Quizás porque la metáfora contagia y no sabe llevarse con el cuerpo.
Este poeta,
que es todos los poetas, hubiese podido evitar la poesía sin grandes
sacrificios. El grado de inconformidad para asumir lo que un tono modulaba y lo
que aquella peculiar sintaxis codificaba, le impedía pactar con las
estructuras. Llegado el momento de enunciar lo preciso, ninguna configuración
le resultaba útil. Y así no era posible escribir versos, ya que se debía
aceptar la premisa de que las palabras nunca le servirían para atisbar más allá
de ciertos muros. Con tal certeza, era tentadora la contraoferta: no escribir
nunca, atestiguar de otras maneras más convincentes.
A este
aprendiz le resultaba fácil aquietarse en medio de cualquier plaza poética.
Mientras sus cofrades recitaban e intercambiaban tonalidades provechosas,
fingía atender y seguir las pautas, sin mostrar sus ejercicios emborronados.
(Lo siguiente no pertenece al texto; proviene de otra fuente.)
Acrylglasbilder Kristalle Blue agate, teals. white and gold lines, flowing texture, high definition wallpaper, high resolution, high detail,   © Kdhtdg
Mejor callar que asumir un rol de connotaciones tan prácticas: la poesía era
más bien una contraseña de acceso a lo esotérico, como recetario de
supervivencia. Bastaba recorrer la pasarela con gesto hastiado, un guiño, un
sonrojo, y la atmósfera provinciana haría lo demás.
Pero la
escritura, como toda imposición, termina por convertirse en hacinamiento (en
confidencia, página sobre página) que se precisa purgar o revelar. Así el
poeta, penetrando círculos, supo departir y reconocerse en voz de otros,
constatar la endeblez del tegumento retórico que les encandilaba, y por fin
encontrar su singularidad, su propia gradación.
El
resultado no será discernible en un libro particular, ni en ciertos textos que
se pudieran prestar al antologador que busque distintivos. Toda su obra está
marcada por el sacrificio del pudor, como confesión inusitada y que ningún
lector hubiese pedido de antemano. Nadie espere encontrar desvelamiento
semejante en otro contexto que no sea el que propicia la literatura. Es una de
esas contradicciones del arte: la poesía como jactancia expresiva y como carta
de relación descarnada. Detallar el ultraje de un modo perdurable, eficaz.
Mientras,
seguimos comprobando que un argumento oblicuo puede servir de costra a los más
esforzados escribientes para disfrazar su indigencia: cartujas armadas con
bibliografías, melancolía bulliciosa, épica de repisa, patriotismo de buró,
conceptismo de fascículo. El yo poético salva su cuadrante y territorio, y se
reparte en libros que el Estado administra con suave cautela. Vendible o no,
legible o no, este verbo inmune no busca humillarse sino mejorar el viso de sus
portadores.
He ahí que
debemos hacer pausa ante el desterrado, quien aparenta comulgar con este
territorio desde la distancia. Y nada más falso. Quien estudie sus escritos
comprobará cuán reales son su cartuja y su desamparo, por eso de usar la propia
carne como peaje o escarmiento. Su personaje, siempre él mismo, siempre
vencido, se ha formado en la convicción de que escribir es ceder, exteriorizar
las torpezas, aislarse aún más.
Su poesía
ejemplifica la belleza de la desolación, como dádiva o castigo, cuando se
eliminan las dos o tres trabas que impiden la verdadera toma de dictado. Libre
de los hilos, transvasado, casi a salvo de fiscalizaciones, desandando los
axiomas de la siempre extraña Sjæland, el poeta carga consigo el cristal
vidriado del discernimiento, enterado ya de que nada podrá saciarle.